Starting with the line containing "For Sharp Aquos Sense" and going on through the line containing "Boombox Teether Pink", return the lines of the data below exactly, and only those.

[SOURCE MATERIAL Boundary: Start]

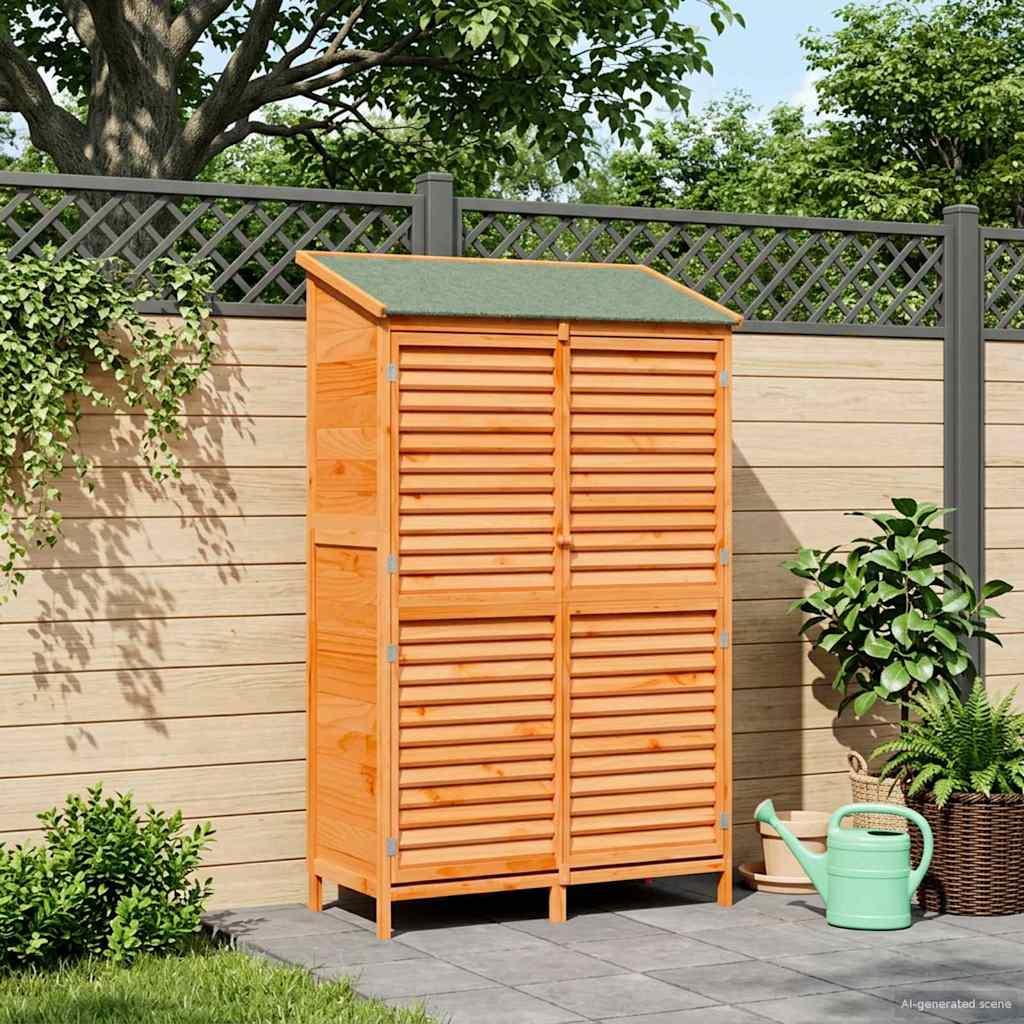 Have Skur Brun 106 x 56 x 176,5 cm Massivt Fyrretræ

[SOURCE MATERIAL Boundary: End]
[SOURCE MATERIAL Boundary: Start]

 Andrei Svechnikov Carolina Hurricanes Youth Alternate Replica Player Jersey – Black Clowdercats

[SOURCE MATERIAL Boundary: End]
[SOURCE MATERIAL Boundary: Start]

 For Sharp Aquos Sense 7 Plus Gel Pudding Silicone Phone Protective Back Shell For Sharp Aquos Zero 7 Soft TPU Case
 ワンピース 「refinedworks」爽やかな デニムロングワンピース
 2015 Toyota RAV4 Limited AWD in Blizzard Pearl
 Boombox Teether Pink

[SOURCE MATERIAL Boundary: End]

### YOUR SOLUTION
 For Sharp Aquos Sense 7 Plus Gel Pudding Silicone Phone Protective Back Shell For Sharp Aquos Zero 7 Soft TPU Case
 ワンピース 「refinedworks」爽やかな デニムロングワンピース
 2015 Toyota RAV4 Limited AWD in Blizzard Pearl
 Boombox Teether Pink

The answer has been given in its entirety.